# Exercise objective
Give all of the data again exactly as written, omitting every image.

Data records
┄┄┄┄┄┄┄┄┄┄
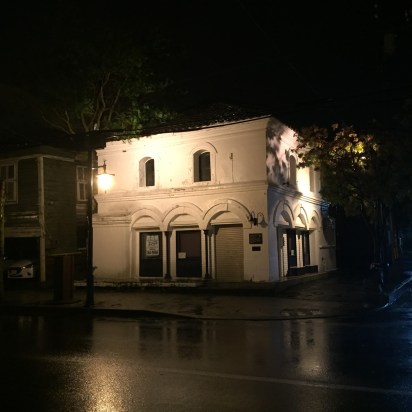 這所已無人居的房子原屬於一個俄國船東，新島襄就是坐著他的船到海上的。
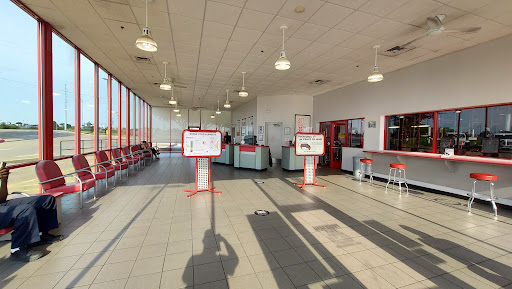 Tire Shop «Discount Tire Store - Irving, TX», reviews and photos, 3516 W Airport Fwy, Irving, TX 75062, USA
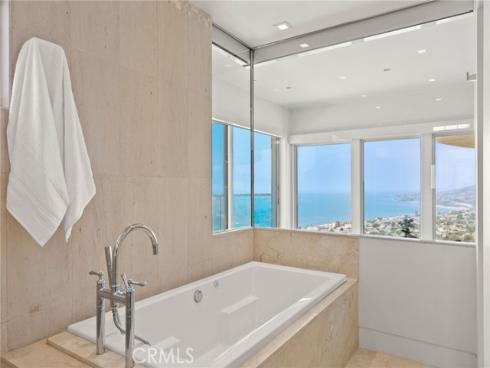 900  Gainsborough   Drive, Laguna Beach, CA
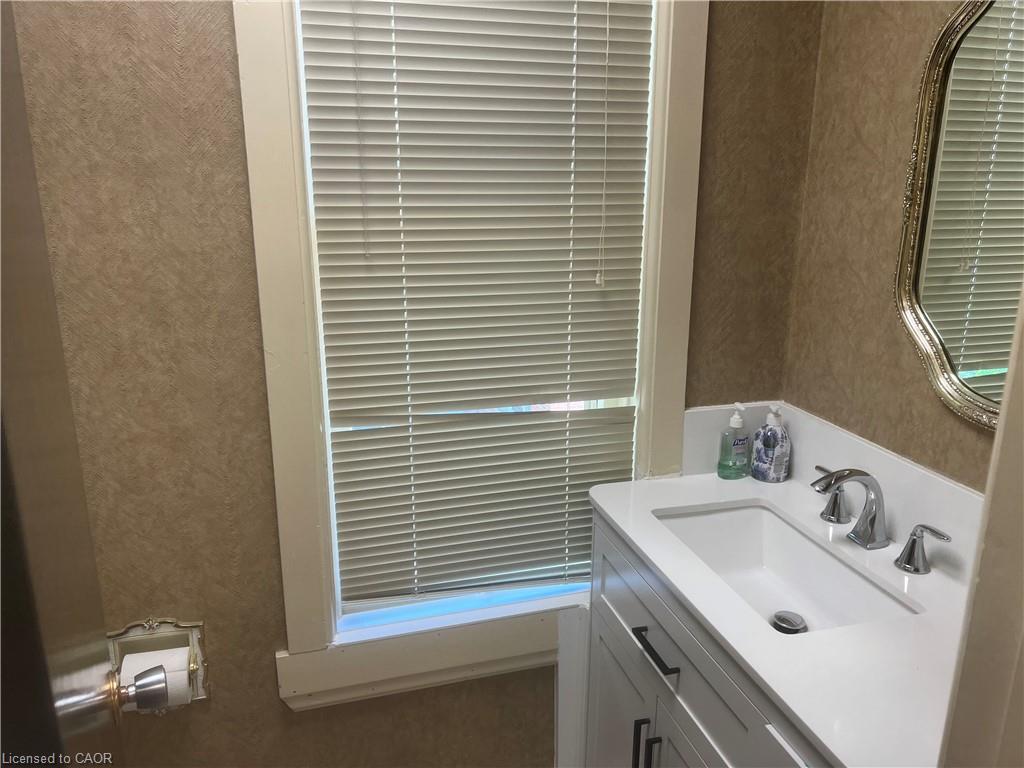 106 Young Street W Property Photo 5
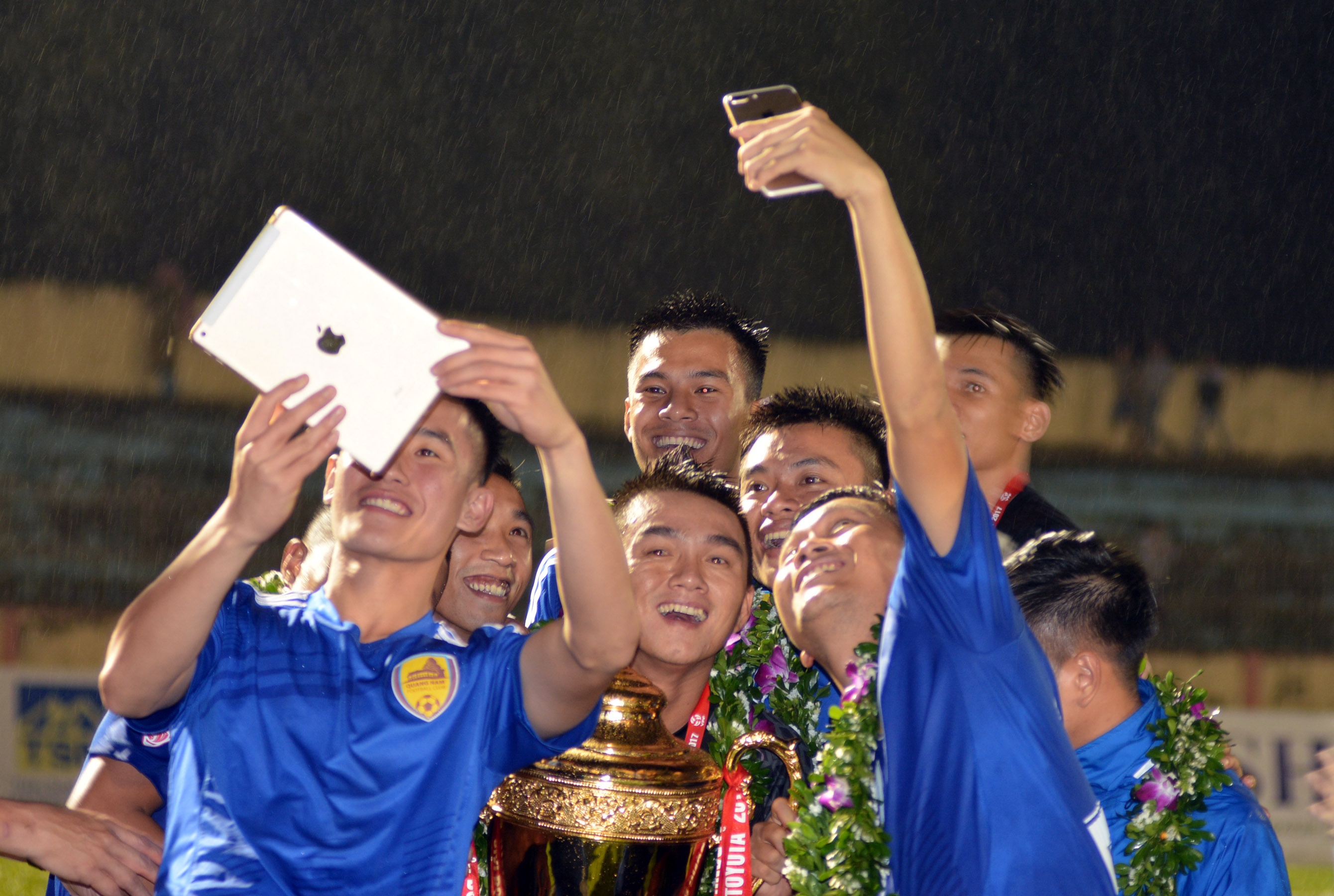 Cau thu Quang Nam chup anh tu suong mung chuc vo dich V.League hinh anh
┄┄┄┄┄┄┄┄┄┄
# Exercise answer
 這所已無人居的房子原屬於一個俄國船東，新島襄就是坐著他的船到海上的。
 Tire Shop «Discount Tire Store - Irving, TX», reviews and photos, 3516 W Airport Fwy, Irving, TX 75062, USA
 900  Gainsborough   Drive, Laguna Beach, CA
 106 Young Street W Property Photo 5
 Cau thu Quang Nam chup anh tu suong mung chuc vo dich V.League hinh anh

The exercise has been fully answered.